Peer-Reviewed Articles
christopher peys, “children and their ‘right to be heard’: On a child-friendly politics in an age of polycrisis,” Journal of INternational Political Theory (2025). https://doi.org/10.1177/17550882251380721
Abstract: In an effort to illustrate both why and how children should be incorporated more fully into our world’s political proceedings, this article explores the utopian potential of Article 12 of the United Nations Convention on the Rights of the Child. Article 12 pertains to children’s “right to be heard.” More specifically, this article theorizes a radically inclusive approach to democracy described herein as a “caring,” “child-friendly” politics. This is a theory of politics that calls for children to be welcomed as equal citizens within our world’s various spaces of democracy. Accordingly, during a time beset by a complex series of overlapping, systemic global crises, this article reconsiders the possibility—a matter of hope—of allowing children to act as political equals alongside their adult counterparts. While climate change is the main international issue studied as a part of this article’s discussion of children and their agency, this piece of international political theory is ultimately about what it might mean for more radical political action to be taken to care for the world and those who will ultimately come to inherit it.

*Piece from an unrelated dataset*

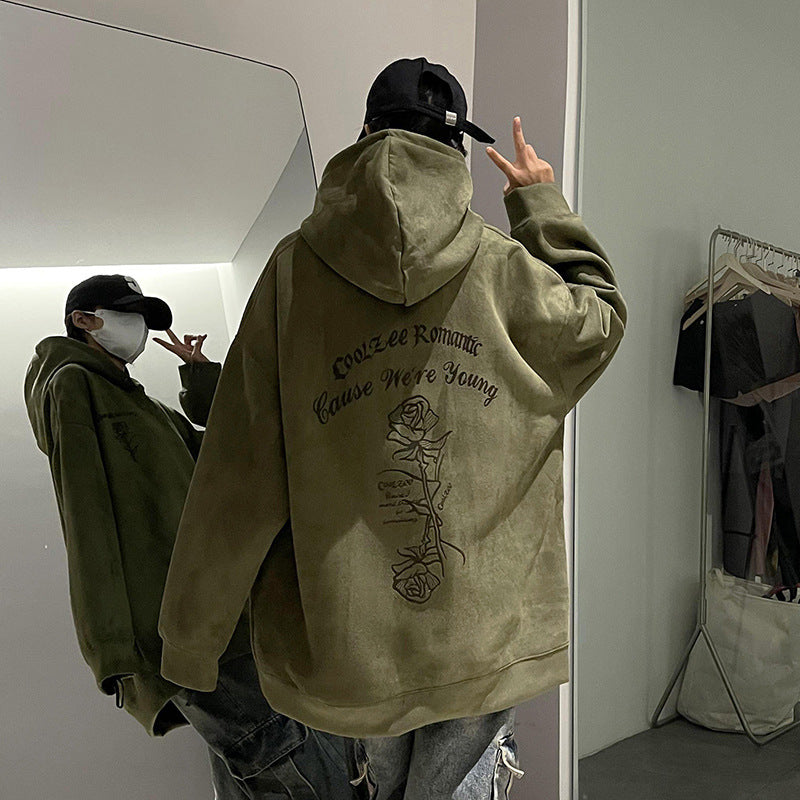 Women's Suede Hooded Sweater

Christopher Peys & Brent J. Steele, “Restraint in International Politics: A Conversation between Brent Steele and Christopher Peys,” Contemporary Voices: St Andrews Journal of International Relations (CVIR). 29 April 2021.

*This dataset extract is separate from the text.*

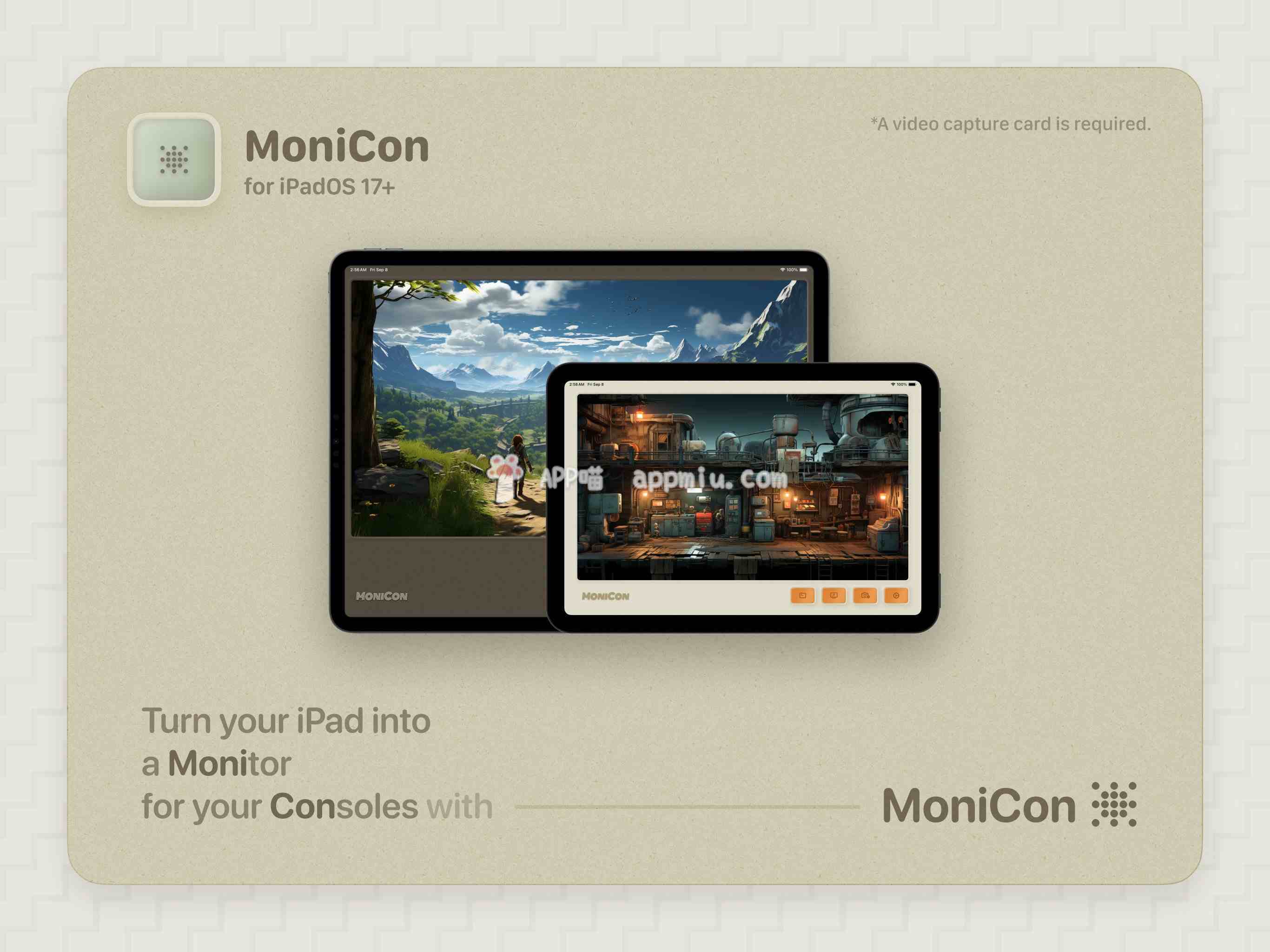 MoniCon 4 ：把 iPad 变成一个HDMI显示器，免费-APP喵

Abstract: Taking into account the turbulent socio-political events of the first half of 2020, this discussion piece evaluates the theory of restraint presented in Brent Steele’s 2019 book, Restraint in International Politics. A conversation between Steele and Christopher Peys about the ‘politics of restraint’, this article examines the socio-psychological ‘complexes’ of actionism and restraint, and addresses a series of queries about both the limitations and possibilities of restraint, before examining Steele’s theory in the emerging context of our world’s recent race-related events, the COVID-19 pandemic, and the international community’s inability to confront the threat of widespread, human-induced environmental degradation.